Thursday, November 01, 2007

Giuliani's Man

The reason Attorney General nominee Michael Mukasey isn't renouncing the unitary Executive or copping the U.S. to torture is because he's keeping all the doors open for his ex-colleague, Rudy Giuliani. Mukasey's son runs the white collar crime division of Giuliani's law firm (i.e. defending rich executive criminals). It's all here, nothing anybody doesn't know in D.C.

For a spell I thought that he's just dodging the torture question and going the wrong way on executive power because he's basically an honest guy but can't be seen as speaking out against his boss just before landing the job. I thought maybe the Dems were crazy to be drawing the line on this particular guy -- isn't the next nominee Bush/Cheney sends going to be worse?

Sen. Edward "Ted" Kennedy (D-MA), surprisingly, lays down the law with clarity:

Waterboarding is torture. Torture is unacceptable. Period.

If Michael Mukasey won't stand up to President Bush and tell him that, then he doesn't deserve to be Attorney General.

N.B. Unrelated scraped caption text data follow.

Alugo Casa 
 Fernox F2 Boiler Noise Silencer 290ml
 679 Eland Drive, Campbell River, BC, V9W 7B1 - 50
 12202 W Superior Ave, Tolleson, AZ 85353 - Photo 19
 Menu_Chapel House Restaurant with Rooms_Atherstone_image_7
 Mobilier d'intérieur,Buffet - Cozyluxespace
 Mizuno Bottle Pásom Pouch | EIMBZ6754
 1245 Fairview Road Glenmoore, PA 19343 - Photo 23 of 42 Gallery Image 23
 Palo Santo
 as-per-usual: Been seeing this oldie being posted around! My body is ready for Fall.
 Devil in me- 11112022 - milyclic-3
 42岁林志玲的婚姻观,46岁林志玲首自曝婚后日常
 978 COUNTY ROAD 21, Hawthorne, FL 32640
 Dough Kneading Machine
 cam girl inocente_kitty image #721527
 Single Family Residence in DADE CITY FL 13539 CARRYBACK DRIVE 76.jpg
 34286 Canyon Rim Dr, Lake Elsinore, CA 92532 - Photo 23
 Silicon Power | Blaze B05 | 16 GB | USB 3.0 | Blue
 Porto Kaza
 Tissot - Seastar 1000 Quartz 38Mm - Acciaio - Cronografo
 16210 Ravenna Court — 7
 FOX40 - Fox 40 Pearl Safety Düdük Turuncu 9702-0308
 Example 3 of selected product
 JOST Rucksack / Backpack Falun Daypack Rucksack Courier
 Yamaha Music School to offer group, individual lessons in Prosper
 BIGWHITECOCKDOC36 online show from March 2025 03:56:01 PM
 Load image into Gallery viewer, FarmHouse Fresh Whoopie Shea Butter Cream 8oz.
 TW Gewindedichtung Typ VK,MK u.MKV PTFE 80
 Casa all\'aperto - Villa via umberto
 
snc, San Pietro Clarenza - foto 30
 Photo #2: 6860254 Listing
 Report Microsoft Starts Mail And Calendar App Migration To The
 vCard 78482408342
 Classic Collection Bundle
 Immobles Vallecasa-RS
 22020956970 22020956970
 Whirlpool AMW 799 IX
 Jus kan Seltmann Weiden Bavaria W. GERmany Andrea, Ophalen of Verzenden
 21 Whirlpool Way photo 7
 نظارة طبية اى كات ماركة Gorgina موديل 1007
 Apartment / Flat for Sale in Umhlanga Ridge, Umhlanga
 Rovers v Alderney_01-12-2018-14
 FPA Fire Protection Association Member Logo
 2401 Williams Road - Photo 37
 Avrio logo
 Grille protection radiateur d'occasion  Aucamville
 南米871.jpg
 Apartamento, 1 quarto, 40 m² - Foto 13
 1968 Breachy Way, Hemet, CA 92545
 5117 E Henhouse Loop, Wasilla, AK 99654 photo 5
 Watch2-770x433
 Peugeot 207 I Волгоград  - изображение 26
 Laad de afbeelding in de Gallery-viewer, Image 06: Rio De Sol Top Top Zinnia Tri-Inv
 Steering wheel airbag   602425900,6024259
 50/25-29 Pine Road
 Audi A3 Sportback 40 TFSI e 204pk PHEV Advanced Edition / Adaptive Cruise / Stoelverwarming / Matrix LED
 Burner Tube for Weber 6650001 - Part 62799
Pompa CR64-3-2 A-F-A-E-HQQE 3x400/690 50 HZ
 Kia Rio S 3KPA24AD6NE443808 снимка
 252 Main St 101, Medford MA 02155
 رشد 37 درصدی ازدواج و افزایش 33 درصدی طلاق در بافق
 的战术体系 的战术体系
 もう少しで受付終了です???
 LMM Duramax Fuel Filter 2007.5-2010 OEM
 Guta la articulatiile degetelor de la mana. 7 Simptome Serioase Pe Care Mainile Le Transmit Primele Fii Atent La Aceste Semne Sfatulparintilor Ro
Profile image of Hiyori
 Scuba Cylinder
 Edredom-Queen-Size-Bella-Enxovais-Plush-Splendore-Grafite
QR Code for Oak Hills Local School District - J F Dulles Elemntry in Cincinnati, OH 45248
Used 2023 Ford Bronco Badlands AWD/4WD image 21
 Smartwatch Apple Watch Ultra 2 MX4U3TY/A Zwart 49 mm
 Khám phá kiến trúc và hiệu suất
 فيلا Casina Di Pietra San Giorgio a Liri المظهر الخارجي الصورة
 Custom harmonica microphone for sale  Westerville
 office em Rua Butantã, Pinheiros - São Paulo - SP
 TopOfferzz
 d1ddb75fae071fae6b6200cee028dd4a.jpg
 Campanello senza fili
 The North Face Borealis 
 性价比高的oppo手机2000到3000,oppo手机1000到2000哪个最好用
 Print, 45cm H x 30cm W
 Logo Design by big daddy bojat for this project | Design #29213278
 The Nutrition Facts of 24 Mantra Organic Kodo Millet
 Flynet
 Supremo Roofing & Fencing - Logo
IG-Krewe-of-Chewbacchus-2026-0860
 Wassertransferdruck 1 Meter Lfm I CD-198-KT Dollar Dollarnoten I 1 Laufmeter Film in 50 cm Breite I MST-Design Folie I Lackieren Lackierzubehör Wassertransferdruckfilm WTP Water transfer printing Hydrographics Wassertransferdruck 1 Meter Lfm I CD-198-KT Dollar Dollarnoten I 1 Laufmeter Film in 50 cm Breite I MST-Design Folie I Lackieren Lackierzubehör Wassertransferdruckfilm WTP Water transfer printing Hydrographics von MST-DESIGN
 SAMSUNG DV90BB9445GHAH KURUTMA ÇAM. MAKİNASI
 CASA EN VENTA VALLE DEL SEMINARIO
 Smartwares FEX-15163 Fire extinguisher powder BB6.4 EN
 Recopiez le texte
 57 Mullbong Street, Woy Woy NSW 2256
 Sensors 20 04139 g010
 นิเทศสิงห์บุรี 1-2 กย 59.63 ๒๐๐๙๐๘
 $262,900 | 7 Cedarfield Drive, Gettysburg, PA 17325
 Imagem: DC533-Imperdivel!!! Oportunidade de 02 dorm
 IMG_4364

You know what seals it for me? The rightwing in America won't stop selling waterboarding as no big deal, not us, not the way we do it, not if we do it:

Cafferty: And now Mr Mukasey can’t say whether waterboarding is torture cause if he does, liability suddenly accrues for a whole lot of folks and who knows what the consequences are. Meanwhile, Gonzalez is wondering around happy as a clam. he out to be in jail for what he did. He didn’t answer questions on Capitol hill, he didn’t cooperate with the subpoenas, he couldn’t remember anything when he was asked. And then he’s allowed to resign and walk into the sunshine…

Mardsen: Well I think we do have to define torture. One man’s torture is another man’s CIA’s sponsored swim lesson.


Let's go torture now, everybody's learning how

C'mon surf safari with me.

1 comment:

Anonymous said...

I'm a bit surprised CNN put Rachel Marsden on air since she's, um, crazy.